Hitchcock's Influences on Spielberg:
Raiders of the Lost Ark as example
by Arnaud Palisson - posted on September 4, 2006
 

An obvious characteristic of Steven Spielberg's cinema can be found in his recurrent evocations of his favorite classical directors. Cecil B. De Mille, Howard Hawks, John Ford, Victor Fleming, David Lean,... But the most significant allusions concern by far Alfred Hitchcock. Not only does Spielberg quote Hitchcock more often than any other director, but he does so by three different kinds of references.

  1. Formal Influences
  2. Technical Evocations
  3. Dramatic Evocations

Let's consider such evocations in one film: Raiders of the Lost Ark.


Part I: Formal Influences

The Rolling Boulder

The first and best known influence of Hitchcock movies on Raiders of the Lost Ark lies in the rolling boulder, chasing Indy in the gallery of the Peruvian temple,...
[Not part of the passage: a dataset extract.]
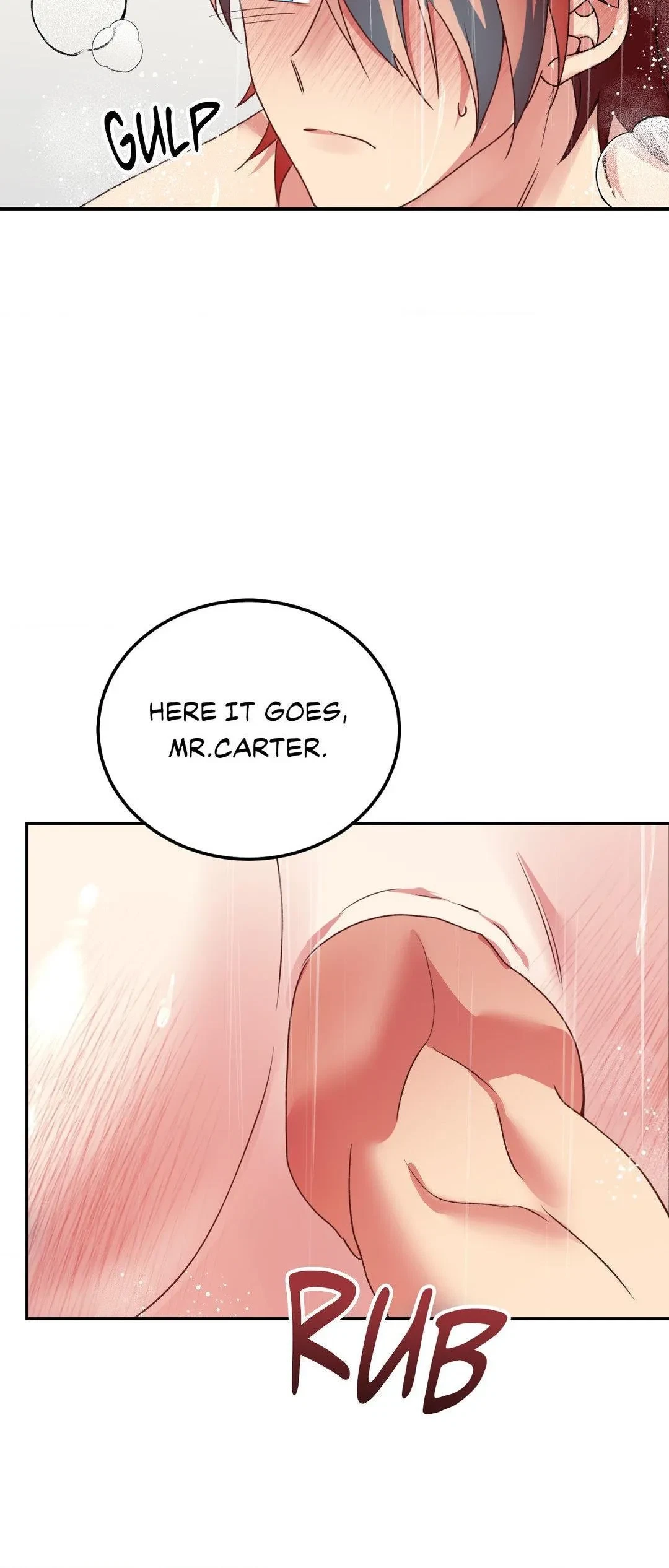 Chapter 4, page 17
Scene from Raiders of the Lost Ark.

...with reference to a scene of North by Northwest : alone among the corn fields, Roger Thornhill (Cary Grant) is chased and shot by a plane.


Scene from North by Northwest.

In fact, there's no plane chasing Indy in the gallery (there will be one in a tunnel of Last Crusade!), but the editorial script is very similar. Furthermore, a few years later, the influence becomes obvious, in the first scene of Spielberg's Always (1989).


Opening scene of Always.


The "Casquette Game"

The same Hitchcock movie is quoted again in Raiders during the "Basket Game". In the streets of Cairo, Indy is running after Marion, supposedly trapped in a big basket, carried away by two Arabs. When he arrives on a crowded square, Indy discovers plenty of such Arab-carried baskets. Not knowing which one holds Marion captive, Indy overturns in vain every single basket.

In North by Northwest, arriving in Chicago Railroad Station, where he is awaited by the police, Roger Thornhill steals (in fact, buys) the uniform of a luggage porter. Carrying Eve Kendall's suitcases, he escapes the policemen's notice. When the detectives become aware of the subterfuge, they begin to look for Thornhill as a luggage porter, wearing a red cap. Arriving in the main hall of the station, they discover numerous red caps. Not knowing which one is Thornhill's, they check unsuccessfully every luggage porter.

click to enlargeclick to enlarge
Baskets vs. North By Northwest's red caps.


The Blackmail Bond

The Well of the Souls sequence takes place in the same time that Marion's attempt to escape from Belloq's tent. Despite that the events in the original script are completely distinct, Spielberg rewrites the scenes and weaves several subtle bonds between them. Among others, let's note that both simultaneous actions refer in parallel to the same Hitchcock movie, Blackmail (1929).

One scene of this british movie takes place in the workshop of a painter who attracts his potential conquests by asking them to pose for him. When he does so with Alice White (Anny Ondra), he gives her a white dress and asks her to put it on. As she undresses behind a folding screen, the man tries to look at the girl through a slit.

click to enlarge
Scene from Hitchcock's Blackmail
compared to scene in Raiders.

When she's back, the man tries to make her drunk in order to seduce her. But she repulses him and decides to leave. She goes back to the folding screen, get rid of the dress but the man takes her clothes. As she tries to get them back, he pulls her against him and tries to kiss her. She defends herself and a rumble begins. She fortunately gets a knife on a table and stabs the man to death.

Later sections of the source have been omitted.